Oggi è il 10 agosto, San Lorenzo.
Ovviamente vengono anzitutto in mente i versi di Pascoli: “San Lorenzo, io lo so perché tanto / di stelle per l’aria tranquilla / arde e cade, perché sì gran pianto / nel concavo cielo sfavilla”…
Ma c’è troppo dolore in quei versi, che rievocano l’assassinio del padre del poeta, un dolore che da personale si fa universale, cosmico (“E tu, Cielo, dall’alto dei mondi / sereni, infinito, immortale, / oh! D’un pianto di stelle lo inondi / quest’atomo opaco del Male!”).
Meglio pensare a un Lorenzo meno tragico, più simpatico, più caro e noto a tutti noi.
Io non so quanti, per colpa di cattivi insegnanti, di cattiva scuola, di cattivo approccio, non hanno amato e non amano i “Promessi Sposi”; per me resta un libro magico, unico, straordinario, nel quale ogni riga di testo apre mondi, suggerisce riflessioni, intriga, diverte, commuove, appassiona.
Ricordo che i miei alunni si divertivano un mondo quando li chiamavo a “sceneggiare” questo capolavoro: e si trasformavano miracolosamente in Renzo, in Lucia, in don Abbondio, nei bravi, nella Monaca di Monza, imparando di più e “calandosi” di fatto in quel romanzo, la cui unica sfortuna è, secondo me, quella di essere studiato (spesso male) a scuola.
Vediamo dunque di seguire “Lorenzo o, come dicevan tutti, Renzo” in quella sua uscita di casa la mattina dell’8 novembre 1628, nel giorno che sarebbe stato – per quello che ne sapeva lui – quello delle sue nozze con Lucia Mondella.

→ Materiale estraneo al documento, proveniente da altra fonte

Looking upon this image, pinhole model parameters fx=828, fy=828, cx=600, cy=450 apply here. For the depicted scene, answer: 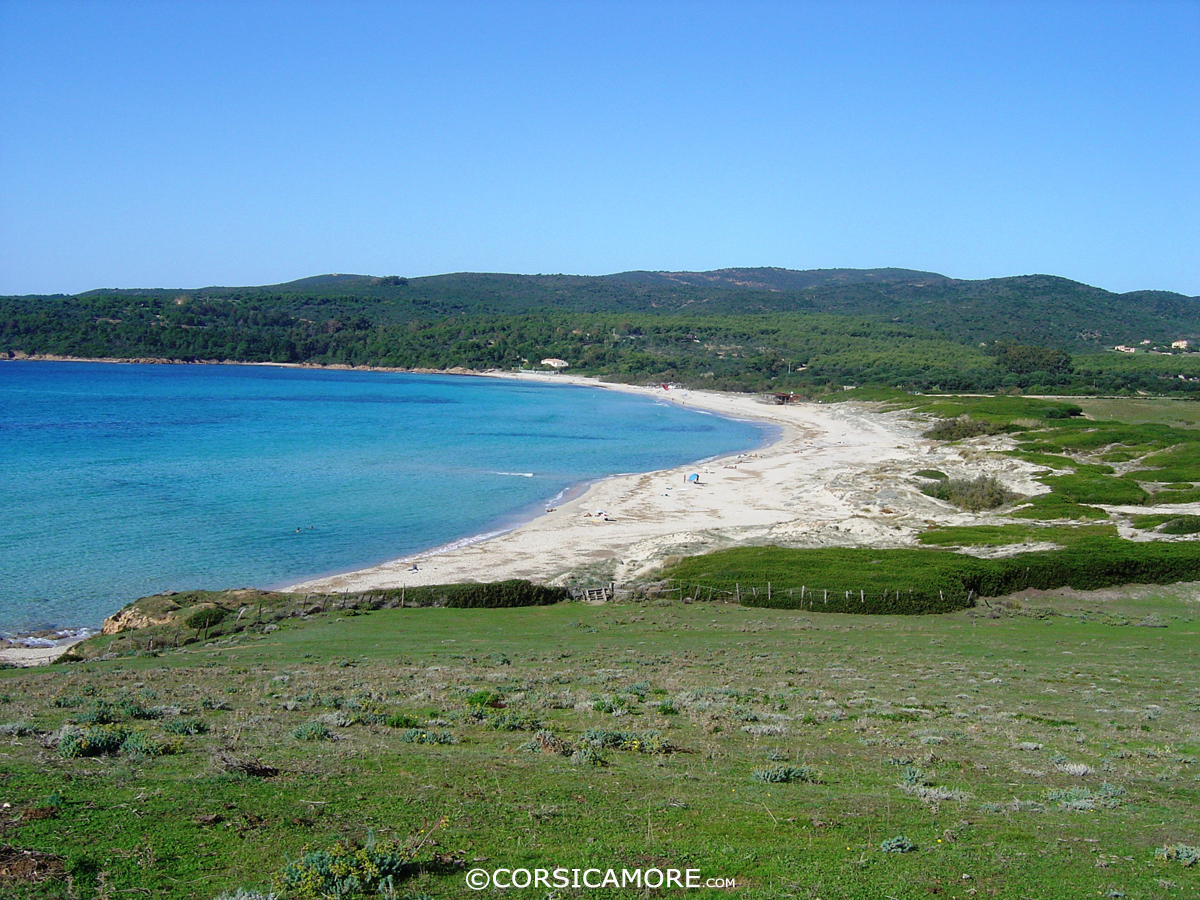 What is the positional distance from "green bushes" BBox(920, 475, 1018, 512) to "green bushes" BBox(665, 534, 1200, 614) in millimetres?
12426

Renzo avrà dovuto sicuramente frenare la sua irruenza, si sarà svegliato all’alba, con la smania di correre dal curato; e chissà se quella notte avrà dormito… Ma, “appena gli parve ora di poter, senza indiscrezione, presentarsi al curato, v’andò, con la lieta furia d’un uomo di vent’anni, che deve in quel giorno sposare quella che ama”.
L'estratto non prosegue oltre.